**DATA TO PROCESS**
-- Opening Marker --

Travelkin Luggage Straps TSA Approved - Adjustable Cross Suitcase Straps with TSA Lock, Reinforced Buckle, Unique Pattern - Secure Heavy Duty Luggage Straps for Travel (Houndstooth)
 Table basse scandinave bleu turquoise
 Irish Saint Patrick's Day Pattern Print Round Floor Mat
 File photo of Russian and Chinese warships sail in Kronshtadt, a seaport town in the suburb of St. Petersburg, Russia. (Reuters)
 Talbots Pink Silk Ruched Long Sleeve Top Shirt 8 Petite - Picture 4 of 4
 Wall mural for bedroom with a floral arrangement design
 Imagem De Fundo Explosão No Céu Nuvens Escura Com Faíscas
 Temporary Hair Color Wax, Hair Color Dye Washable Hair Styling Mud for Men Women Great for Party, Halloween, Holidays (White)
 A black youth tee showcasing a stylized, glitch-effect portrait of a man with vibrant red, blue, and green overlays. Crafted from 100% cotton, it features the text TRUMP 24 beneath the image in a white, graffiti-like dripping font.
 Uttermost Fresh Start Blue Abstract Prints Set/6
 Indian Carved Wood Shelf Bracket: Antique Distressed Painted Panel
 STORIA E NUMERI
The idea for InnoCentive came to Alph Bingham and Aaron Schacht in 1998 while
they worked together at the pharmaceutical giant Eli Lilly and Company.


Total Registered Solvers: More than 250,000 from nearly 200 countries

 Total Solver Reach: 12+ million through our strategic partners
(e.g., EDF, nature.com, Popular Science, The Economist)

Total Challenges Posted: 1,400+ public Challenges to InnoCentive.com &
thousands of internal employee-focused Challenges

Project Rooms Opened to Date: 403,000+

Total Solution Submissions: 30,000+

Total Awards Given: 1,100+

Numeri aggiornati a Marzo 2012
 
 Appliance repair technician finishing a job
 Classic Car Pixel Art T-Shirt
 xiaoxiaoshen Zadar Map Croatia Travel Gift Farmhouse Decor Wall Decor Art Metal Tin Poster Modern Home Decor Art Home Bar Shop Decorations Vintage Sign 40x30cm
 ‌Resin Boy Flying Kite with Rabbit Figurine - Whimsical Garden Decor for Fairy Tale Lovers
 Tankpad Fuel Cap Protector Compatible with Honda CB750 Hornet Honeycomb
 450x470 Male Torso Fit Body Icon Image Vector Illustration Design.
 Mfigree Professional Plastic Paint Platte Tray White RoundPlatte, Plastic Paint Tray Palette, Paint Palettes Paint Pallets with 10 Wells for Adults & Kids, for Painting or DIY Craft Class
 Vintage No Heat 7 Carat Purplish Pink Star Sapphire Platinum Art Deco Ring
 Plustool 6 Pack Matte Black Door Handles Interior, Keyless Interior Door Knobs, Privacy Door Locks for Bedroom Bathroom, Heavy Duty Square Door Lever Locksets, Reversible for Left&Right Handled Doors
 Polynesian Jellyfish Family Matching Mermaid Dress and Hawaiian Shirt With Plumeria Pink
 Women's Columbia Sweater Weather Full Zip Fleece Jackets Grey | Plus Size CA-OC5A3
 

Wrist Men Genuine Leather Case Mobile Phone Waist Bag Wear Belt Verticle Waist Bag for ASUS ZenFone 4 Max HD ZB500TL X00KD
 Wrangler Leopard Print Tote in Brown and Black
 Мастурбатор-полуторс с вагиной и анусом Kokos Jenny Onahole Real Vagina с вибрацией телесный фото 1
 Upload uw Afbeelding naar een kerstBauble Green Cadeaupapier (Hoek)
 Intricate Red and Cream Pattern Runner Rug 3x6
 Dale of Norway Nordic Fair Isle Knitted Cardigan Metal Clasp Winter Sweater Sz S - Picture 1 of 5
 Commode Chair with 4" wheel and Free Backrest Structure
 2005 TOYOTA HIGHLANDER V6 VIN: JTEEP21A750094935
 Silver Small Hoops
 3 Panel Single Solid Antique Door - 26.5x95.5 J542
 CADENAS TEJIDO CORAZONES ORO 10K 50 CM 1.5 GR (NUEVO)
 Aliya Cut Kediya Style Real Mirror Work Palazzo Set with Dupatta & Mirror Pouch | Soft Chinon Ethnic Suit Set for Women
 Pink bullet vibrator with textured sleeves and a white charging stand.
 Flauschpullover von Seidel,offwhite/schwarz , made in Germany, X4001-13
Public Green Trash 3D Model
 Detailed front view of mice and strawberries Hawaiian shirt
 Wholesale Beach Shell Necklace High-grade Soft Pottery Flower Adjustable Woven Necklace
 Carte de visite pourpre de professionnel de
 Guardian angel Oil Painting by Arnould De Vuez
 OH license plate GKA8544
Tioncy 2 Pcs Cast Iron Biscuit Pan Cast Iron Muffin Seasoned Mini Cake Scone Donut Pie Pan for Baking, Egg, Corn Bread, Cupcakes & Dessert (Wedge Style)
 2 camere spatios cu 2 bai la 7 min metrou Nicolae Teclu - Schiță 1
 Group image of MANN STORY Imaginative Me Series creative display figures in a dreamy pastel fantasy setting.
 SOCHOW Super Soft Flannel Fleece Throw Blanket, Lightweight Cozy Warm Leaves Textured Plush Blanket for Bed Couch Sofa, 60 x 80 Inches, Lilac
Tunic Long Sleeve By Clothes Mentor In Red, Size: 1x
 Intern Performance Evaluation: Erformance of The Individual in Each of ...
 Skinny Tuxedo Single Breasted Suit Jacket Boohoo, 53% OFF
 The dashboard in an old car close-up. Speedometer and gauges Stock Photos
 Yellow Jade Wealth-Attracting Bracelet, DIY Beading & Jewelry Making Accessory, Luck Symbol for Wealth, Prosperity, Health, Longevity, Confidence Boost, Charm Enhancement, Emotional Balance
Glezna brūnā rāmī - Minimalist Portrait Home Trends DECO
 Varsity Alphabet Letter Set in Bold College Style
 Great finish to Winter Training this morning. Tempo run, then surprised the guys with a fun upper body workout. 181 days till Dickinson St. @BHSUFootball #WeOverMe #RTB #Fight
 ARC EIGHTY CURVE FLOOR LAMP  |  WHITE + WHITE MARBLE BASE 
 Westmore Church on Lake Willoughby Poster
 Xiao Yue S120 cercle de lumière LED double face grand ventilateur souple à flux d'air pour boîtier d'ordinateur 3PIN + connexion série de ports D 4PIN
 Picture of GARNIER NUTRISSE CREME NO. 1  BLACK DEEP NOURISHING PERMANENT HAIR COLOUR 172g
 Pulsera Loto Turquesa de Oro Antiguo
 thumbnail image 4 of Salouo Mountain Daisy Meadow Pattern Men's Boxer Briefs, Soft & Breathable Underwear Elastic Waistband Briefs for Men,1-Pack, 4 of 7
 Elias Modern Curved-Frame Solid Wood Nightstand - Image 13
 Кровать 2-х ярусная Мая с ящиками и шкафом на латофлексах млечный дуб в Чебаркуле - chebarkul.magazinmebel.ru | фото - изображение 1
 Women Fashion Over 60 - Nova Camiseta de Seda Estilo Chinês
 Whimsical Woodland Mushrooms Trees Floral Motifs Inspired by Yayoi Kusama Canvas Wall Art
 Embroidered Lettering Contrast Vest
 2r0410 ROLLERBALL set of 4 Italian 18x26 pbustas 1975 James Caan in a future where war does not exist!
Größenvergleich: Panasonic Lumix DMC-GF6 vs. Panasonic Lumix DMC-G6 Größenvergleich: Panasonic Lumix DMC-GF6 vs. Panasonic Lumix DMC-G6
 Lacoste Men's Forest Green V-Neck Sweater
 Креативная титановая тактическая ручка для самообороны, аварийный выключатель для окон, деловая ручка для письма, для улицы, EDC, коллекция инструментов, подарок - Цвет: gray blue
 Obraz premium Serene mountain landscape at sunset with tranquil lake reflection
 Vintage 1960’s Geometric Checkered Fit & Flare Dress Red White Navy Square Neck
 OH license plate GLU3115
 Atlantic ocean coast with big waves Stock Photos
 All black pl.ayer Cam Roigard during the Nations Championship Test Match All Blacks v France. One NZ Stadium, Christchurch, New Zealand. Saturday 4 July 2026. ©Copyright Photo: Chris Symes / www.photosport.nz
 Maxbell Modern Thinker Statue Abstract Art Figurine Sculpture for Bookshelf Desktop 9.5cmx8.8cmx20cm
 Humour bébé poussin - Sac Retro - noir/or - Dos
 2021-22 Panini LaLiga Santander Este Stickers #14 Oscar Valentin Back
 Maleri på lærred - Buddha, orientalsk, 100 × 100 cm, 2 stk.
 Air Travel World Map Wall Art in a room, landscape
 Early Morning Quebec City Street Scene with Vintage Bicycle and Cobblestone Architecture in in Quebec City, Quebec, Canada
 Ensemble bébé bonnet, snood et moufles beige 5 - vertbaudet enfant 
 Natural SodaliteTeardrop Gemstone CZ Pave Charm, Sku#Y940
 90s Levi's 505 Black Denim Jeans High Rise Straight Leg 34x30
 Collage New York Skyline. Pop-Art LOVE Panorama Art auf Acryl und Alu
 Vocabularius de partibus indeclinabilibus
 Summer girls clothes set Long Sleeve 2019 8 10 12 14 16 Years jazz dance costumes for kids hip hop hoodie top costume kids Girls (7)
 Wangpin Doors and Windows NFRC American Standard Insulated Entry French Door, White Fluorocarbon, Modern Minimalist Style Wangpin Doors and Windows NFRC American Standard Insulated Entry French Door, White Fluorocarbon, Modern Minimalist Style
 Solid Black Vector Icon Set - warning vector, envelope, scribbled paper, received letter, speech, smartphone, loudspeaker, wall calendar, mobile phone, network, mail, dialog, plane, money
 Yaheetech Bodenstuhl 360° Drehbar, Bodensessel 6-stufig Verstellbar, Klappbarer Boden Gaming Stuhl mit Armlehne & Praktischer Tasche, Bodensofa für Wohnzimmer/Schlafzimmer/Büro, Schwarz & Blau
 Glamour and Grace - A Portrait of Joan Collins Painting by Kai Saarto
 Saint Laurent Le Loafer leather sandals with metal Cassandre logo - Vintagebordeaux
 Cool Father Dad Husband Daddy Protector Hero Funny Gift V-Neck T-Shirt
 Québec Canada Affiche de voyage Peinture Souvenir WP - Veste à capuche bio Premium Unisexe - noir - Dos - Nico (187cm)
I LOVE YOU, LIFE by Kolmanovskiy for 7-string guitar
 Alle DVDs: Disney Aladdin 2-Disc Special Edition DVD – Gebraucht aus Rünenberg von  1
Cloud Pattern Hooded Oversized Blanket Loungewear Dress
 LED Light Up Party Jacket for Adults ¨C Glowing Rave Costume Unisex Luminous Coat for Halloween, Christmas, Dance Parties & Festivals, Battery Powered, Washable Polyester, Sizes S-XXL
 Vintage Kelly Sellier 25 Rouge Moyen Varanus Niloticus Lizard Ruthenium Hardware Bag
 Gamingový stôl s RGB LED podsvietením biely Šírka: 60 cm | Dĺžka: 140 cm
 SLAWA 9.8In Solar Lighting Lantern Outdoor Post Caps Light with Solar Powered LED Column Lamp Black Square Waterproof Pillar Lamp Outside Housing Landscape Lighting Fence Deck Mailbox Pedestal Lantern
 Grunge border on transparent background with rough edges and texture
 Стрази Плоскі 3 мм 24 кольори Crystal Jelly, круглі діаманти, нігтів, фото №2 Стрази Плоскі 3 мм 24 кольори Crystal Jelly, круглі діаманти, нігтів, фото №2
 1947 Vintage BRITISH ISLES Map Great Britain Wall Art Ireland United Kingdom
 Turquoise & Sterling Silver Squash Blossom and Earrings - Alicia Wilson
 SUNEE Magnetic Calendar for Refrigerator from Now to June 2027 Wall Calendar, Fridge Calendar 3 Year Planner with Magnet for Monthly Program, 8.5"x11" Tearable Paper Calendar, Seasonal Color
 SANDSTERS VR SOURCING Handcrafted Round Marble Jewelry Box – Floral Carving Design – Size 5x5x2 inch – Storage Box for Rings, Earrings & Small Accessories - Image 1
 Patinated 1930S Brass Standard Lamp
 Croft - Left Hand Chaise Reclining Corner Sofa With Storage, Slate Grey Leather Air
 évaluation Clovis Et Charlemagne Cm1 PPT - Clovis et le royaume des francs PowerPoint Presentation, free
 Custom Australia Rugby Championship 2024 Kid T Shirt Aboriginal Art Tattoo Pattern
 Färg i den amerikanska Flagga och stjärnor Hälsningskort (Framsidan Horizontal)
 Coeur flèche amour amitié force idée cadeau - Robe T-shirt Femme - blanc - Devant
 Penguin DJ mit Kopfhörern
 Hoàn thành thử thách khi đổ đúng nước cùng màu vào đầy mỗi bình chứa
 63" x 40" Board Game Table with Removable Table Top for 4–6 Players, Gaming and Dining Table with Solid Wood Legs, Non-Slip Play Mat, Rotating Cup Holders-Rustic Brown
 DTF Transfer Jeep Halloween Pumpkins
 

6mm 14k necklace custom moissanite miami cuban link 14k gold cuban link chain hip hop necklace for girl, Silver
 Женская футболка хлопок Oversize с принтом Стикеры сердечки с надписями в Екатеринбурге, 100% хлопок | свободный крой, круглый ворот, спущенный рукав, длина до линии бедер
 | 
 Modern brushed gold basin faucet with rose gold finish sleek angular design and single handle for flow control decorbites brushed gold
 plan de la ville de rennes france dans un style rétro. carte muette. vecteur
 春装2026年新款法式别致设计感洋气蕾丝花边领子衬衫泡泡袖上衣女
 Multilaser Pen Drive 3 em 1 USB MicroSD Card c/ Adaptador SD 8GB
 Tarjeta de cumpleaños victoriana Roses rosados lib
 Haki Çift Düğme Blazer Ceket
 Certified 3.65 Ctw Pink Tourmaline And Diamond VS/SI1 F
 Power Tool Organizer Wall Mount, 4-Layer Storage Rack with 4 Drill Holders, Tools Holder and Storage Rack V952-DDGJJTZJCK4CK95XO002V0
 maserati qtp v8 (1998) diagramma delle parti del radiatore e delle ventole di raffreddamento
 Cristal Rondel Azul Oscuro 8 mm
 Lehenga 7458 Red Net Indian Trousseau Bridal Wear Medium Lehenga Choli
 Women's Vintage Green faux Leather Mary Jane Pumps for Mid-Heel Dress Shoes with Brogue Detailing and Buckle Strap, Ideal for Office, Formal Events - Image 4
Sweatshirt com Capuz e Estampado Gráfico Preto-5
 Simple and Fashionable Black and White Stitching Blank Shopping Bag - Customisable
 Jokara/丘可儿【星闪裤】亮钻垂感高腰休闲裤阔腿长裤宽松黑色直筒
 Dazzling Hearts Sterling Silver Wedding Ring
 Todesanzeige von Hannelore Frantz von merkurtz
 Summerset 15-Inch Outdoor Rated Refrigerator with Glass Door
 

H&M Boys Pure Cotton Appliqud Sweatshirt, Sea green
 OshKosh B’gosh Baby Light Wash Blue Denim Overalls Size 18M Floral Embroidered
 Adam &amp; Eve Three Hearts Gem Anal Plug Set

-- Closing Marker --

**ABOUT THIS TASK**
A word-for-word copy of the lines above from the one with "The idea for" through the one with "(e.g., EDF, nature.com, Popular", inclusive, is the only output wanted.

**ANSWER SPACE**
The idea for InnoCentive came to Alph Bingham and Aaron Schacht in 1998 while
they worked together at the pharmaceutical giant Eli Lilly and Company.


Total Registered Solvers: More than 250,000 from nearly 200 countries

 Total Solver Reach: 12+ million through our strategic partners
(e.g., EDF, nature.com, Popular Science, The Economist)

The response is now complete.